### Prompt
The task requires repeating, word for word, the lines from the one with "a white bowl" through the end of the material, leaving out all pictures.
##### Data provided
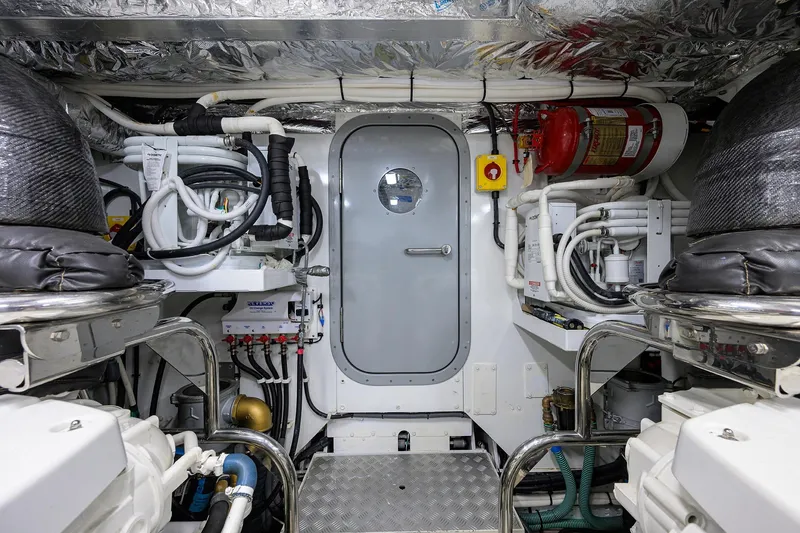 Slide: The Image of Engine room of 2020 Princess F70 yacht with advanced equipment and safety features. - 96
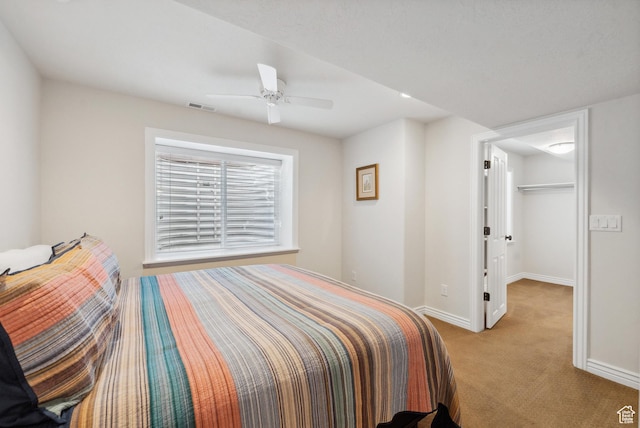 bedroom with carpet flooring, visible vents, baseboards, a spacious closet, and ceiling fan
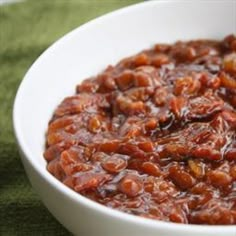 a white bowl filled with cooked beans on top of a green cloth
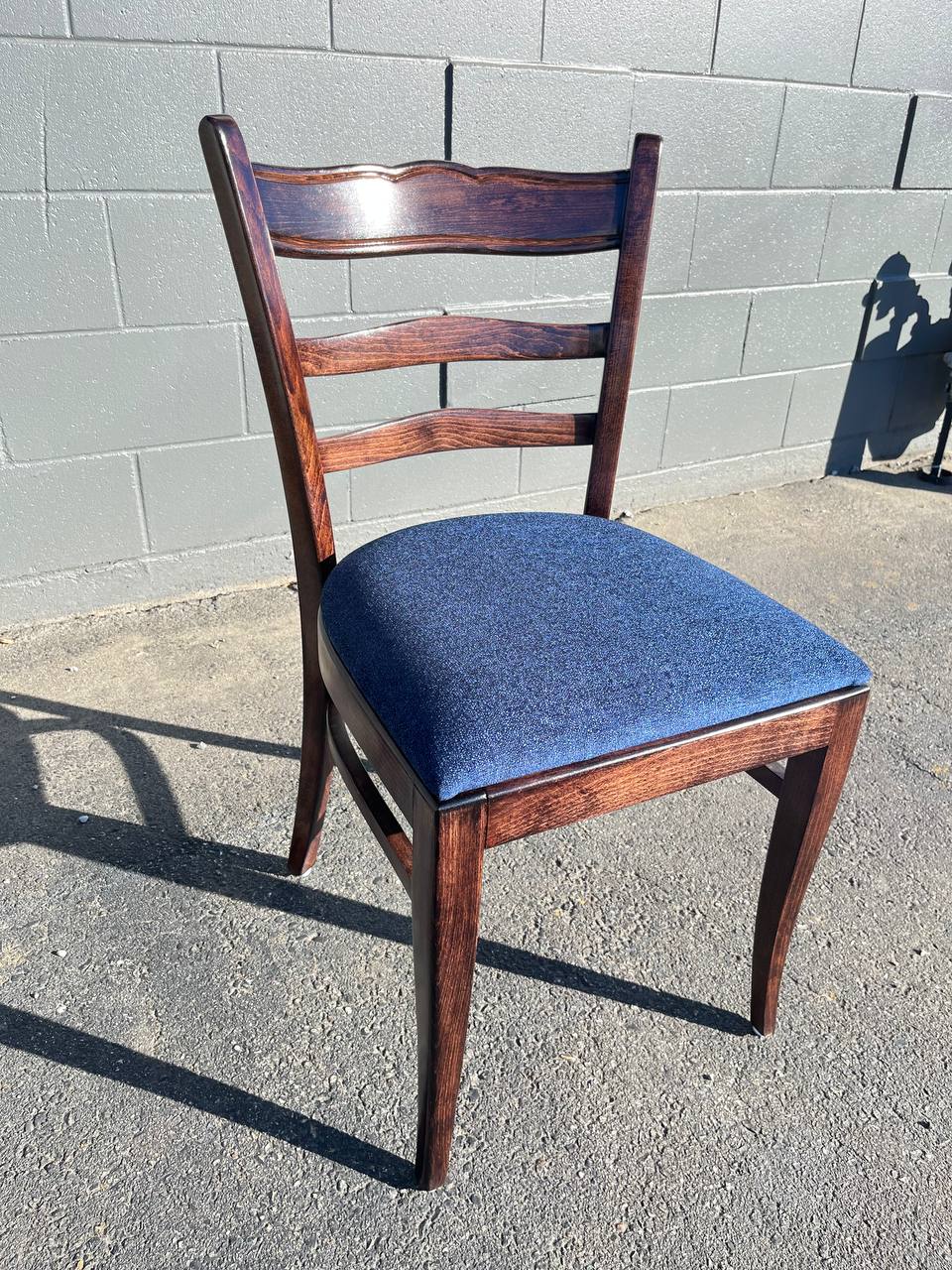 Refinished and reupholstered dining chair in brown stain in a royal blue fabric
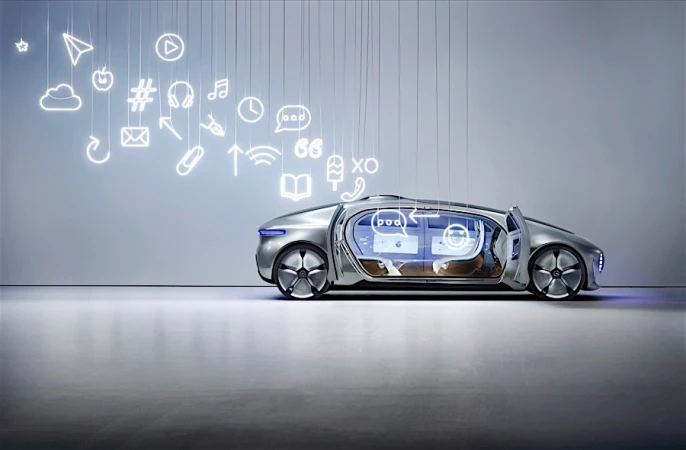 Futuristic silver concept car displayed indoors with illuminated social media icons suspended from the ceiling in a well-lit studio.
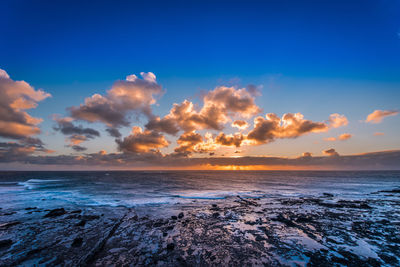 Scenic view of sea against sky at sunset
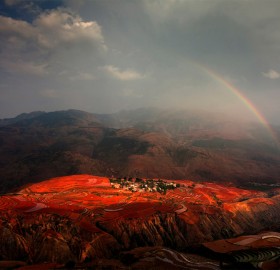 rainbow over red land, china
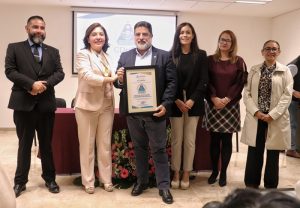 seis personas de pie sosteniendo un reconocimiento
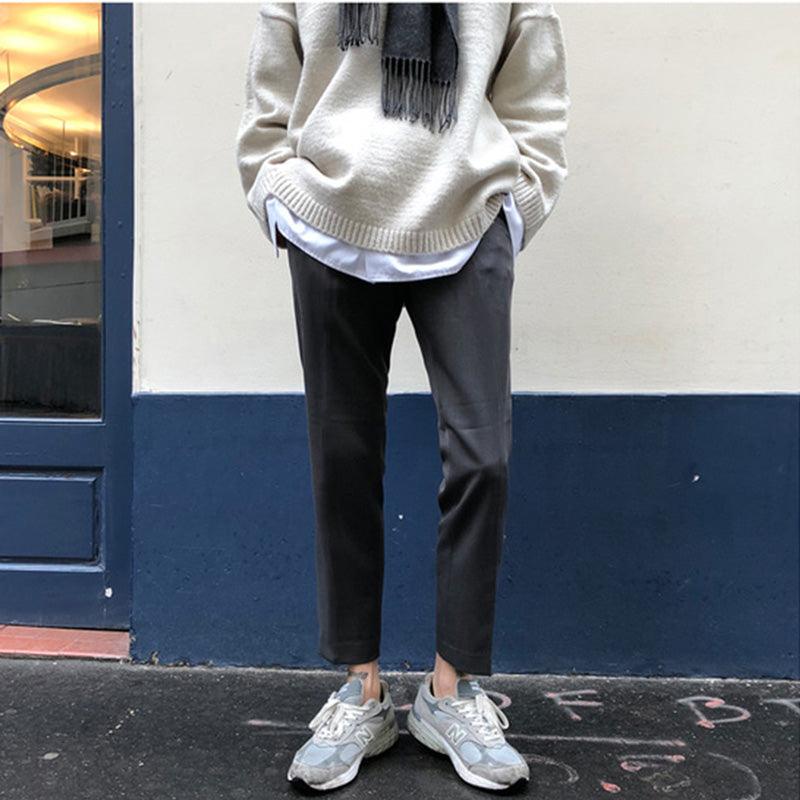 Dark straight-leg pants with cuffed hem and front pockets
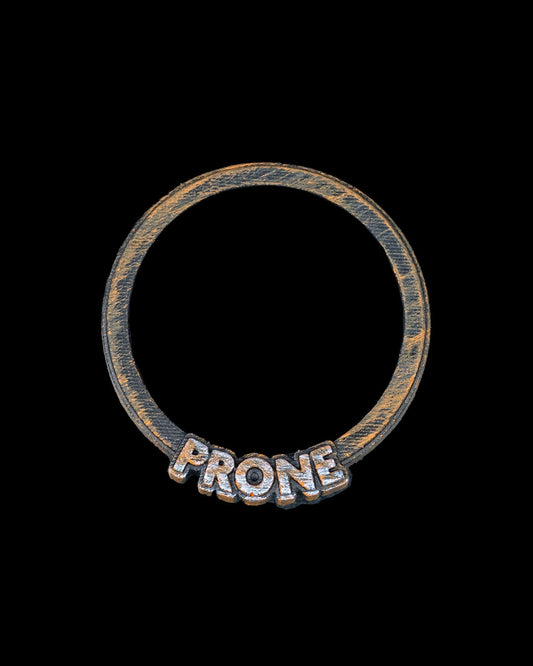 Close-up of orange and black "PRONE" ring for D&D miniatures, made from durable 3D printed plastic.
##########
### Written solution
 a white bowl filled with cooked beans on top of a green cloth
 Refinished and reupholstered dining chair in brown stain in a royal blue fabric
 Futuristic silver concept car displayed indoors with illuminated social media icons suspended from the ceiling in a well-lit studio.
 Scenic view of sea against sky at sunset
 rainbow over red land, china
 seis personas de pie sosteniendo un reconocimiento
 Dark straight-leg pants with cuffed hem and front pockets
 Close-up of orange and black "PRONE" ring for D&D miniatures, made from durable 3D printed plastic.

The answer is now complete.